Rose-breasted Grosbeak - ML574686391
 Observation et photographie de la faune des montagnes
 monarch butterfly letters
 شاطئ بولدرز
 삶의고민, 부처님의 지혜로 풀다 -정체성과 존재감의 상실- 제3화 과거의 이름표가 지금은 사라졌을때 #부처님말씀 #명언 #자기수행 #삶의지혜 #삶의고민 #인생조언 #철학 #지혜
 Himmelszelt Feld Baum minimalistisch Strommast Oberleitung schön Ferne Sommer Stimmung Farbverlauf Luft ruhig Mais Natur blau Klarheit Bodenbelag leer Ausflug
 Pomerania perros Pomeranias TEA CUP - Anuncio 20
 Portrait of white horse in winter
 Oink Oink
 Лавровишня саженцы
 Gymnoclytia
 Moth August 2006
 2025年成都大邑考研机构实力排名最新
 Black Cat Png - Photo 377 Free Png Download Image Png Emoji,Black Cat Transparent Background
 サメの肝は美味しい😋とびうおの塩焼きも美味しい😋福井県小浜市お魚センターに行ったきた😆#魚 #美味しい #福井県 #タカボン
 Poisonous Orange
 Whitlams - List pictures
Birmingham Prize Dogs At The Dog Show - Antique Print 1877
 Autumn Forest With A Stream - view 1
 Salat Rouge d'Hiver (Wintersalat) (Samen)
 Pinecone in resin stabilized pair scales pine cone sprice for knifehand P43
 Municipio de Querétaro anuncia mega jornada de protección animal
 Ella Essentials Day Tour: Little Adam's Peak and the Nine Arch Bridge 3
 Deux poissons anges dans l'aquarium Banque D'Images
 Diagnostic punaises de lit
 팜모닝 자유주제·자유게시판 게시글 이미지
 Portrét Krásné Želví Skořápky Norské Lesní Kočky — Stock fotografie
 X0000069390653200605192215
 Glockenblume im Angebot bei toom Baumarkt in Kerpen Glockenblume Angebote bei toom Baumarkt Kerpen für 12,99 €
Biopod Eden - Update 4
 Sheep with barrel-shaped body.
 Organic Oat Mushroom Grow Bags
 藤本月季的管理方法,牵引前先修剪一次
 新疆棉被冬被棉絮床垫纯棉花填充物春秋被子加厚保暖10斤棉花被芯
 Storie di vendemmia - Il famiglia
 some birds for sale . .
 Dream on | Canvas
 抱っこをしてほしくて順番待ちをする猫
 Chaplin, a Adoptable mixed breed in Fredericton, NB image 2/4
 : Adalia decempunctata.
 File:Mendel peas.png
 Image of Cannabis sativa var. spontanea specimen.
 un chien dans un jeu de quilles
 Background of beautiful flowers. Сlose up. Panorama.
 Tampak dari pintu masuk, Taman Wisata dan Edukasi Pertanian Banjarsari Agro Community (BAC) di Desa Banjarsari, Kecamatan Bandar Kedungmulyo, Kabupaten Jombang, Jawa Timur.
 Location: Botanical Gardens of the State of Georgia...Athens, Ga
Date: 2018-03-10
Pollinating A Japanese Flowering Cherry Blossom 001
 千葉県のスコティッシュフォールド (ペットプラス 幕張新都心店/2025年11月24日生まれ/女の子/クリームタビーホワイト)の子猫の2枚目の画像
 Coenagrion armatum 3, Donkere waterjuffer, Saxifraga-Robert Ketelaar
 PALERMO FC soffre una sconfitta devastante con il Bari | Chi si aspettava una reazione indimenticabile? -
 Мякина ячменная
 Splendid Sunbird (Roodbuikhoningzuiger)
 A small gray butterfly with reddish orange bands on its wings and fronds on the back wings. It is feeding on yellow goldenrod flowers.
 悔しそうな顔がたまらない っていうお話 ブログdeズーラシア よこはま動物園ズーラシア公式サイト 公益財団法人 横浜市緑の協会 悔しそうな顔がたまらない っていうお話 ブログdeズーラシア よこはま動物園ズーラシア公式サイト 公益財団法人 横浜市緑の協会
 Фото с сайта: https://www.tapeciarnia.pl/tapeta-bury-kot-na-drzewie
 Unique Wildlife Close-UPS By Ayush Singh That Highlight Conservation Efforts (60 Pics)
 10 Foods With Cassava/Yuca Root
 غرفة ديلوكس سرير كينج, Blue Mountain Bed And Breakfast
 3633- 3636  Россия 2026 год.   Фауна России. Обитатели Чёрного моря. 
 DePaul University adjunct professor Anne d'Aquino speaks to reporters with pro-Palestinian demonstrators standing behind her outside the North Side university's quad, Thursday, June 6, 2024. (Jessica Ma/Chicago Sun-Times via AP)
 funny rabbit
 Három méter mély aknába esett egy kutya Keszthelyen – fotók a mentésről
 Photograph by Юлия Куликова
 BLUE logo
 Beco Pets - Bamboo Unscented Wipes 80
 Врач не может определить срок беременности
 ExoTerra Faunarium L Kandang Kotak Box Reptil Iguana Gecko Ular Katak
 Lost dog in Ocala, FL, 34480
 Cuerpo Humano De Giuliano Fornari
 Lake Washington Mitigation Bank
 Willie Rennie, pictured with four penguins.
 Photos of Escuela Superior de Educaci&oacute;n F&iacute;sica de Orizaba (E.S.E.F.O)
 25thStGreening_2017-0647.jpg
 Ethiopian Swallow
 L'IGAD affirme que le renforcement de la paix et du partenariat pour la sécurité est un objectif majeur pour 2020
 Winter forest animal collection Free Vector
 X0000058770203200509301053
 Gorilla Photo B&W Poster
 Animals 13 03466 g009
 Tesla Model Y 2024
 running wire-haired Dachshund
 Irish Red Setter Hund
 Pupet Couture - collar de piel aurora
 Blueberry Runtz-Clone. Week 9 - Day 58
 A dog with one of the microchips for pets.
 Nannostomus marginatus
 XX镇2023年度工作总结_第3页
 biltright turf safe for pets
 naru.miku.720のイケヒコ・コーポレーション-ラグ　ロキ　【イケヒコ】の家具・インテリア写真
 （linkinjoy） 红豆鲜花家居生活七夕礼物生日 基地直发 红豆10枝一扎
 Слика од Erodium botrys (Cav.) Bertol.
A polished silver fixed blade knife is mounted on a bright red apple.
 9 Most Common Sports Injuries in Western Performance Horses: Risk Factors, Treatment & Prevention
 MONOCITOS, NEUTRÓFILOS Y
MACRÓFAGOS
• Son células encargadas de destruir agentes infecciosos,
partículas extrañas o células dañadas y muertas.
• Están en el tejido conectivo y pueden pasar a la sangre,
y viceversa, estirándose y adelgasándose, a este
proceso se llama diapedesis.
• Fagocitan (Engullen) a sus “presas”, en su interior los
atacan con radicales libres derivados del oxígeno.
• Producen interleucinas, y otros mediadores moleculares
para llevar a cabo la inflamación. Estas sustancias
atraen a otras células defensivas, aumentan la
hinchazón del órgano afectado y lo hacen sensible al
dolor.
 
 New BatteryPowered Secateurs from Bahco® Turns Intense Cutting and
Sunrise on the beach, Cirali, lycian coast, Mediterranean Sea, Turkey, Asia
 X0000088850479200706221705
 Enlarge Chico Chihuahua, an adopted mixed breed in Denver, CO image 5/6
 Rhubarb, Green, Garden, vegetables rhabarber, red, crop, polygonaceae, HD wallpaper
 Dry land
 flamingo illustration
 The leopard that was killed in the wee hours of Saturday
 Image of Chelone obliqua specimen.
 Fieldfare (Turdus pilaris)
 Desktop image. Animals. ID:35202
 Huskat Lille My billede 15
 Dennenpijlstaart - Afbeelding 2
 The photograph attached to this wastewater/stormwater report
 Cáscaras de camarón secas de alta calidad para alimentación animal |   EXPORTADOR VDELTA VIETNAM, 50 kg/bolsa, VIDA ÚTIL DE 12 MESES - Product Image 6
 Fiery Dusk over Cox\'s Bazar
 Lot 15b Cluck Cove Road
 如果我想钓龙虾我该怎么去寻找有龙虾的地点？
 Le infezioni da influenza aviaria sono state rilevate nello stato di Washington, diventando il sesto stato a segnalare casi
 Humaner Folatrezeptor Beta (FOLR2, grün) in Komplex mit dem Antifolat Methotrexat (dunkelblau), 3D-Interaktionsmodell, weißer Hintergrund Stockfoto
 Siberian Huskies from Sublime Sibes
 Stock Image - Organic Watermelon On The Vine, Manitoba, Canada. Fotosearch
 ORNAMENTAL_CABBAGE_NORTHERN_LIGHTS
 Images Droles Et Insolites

## What is required
Exactly as they appear, write out the lines from the one containing "flamingo illustration" through the final line of the entries above, both included.

## Answer area
 flamingo illustration
 The leopard that was killed in the wee hours of Saturday
 Image of Chelone obliqua specimen.
 Fieldfare (Turdus pilaris)
 Desktop image. Animals. ID:35202
 Huskat Lille My billede 15
 Dennenpijlstaart - Afbeelding 2
 The photograph attached to this wastewater/stormwater report
 Cáscaras de camarón secas de alta calidad para alimentación animal |   EXPORTADOR VDELTA VIETNAM, 50 kg/bolsa, VIDA ÚTIL DE 12 MESES - Product Image 6
 Fiery Dusk over Cox\'s Bazar
 Lot 15b Cluck Cove Road
 如果我想钓龙虾我该怎么去寻找有龙虾的地点？
 Le infezioni da influenza aviaria sono state rilevate nello stato di Washington, diventando il sesto stato a segnalare casi
 Humaner Folatrezeptor Beta (FOLR2, grün) in Komplex mit dem Antifolat Methotrexat (dunkelblau), 3D-Interaktionsmodell, weißer Hintergrund Stockfoto
 Siberian Huskies from Sublime Sibes
 Stock Image - Organic Watermelon On The Vine, Manitoba, Canada. Fotosearch
 ORNAMENTAL_CABBAGE_NORTHERN_LIGHTS
 Images Droles Et Insolites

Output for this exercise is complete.